### WHAT IS NEEDED:
Type the listing below out again exactly. No images.
--- AVAILABLE DATA Enclosed Below ---
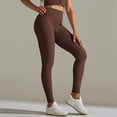 thumbnail image 1 of WILLBEST Pantalones de Yoga de Cintura Alta Sin Costuras Para Mujer, Diseño Calado, Leggings Ajustados Con Realce de Color Melocotón Para Entrenamiento Deportivo 535 Grande, 1 of 5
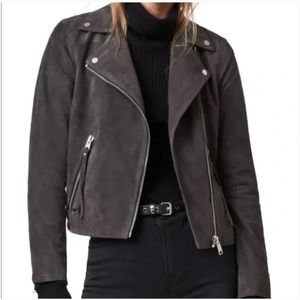 Allsaints Dalby Suede Biker Moto Jacker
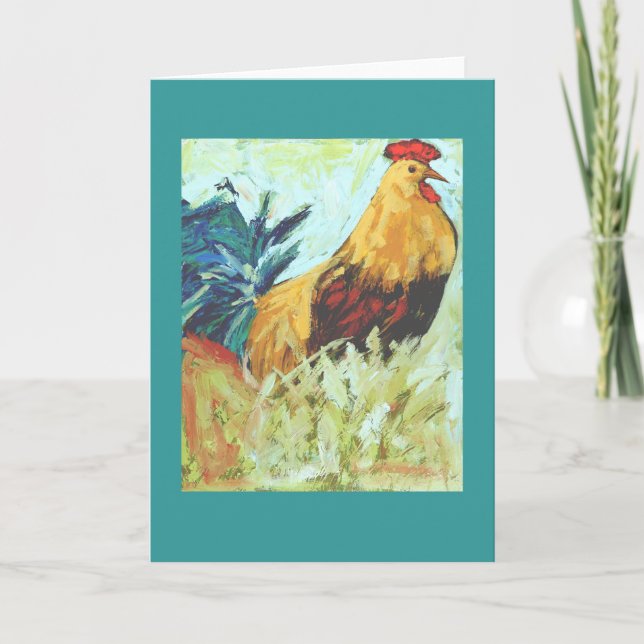 Cartão rooster card (Frente)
--- End of Enclosed AVAILABLE DATA ---
### SOLUTION TO THE PROBLEM:
 thumbnail image 1 of WILLBEST Pantalones de Yoga de Cintura Alta Sin Costuras Para Mujer, Diseño Calado, Leggings Ajustados Con Realce de Color Melocotón Para Entrenamiento Deportivo 535 Grande, 1 of 5
 Allsaints Dalby Suede Biker Moto Jacker
 Cartão rooster card (Frente)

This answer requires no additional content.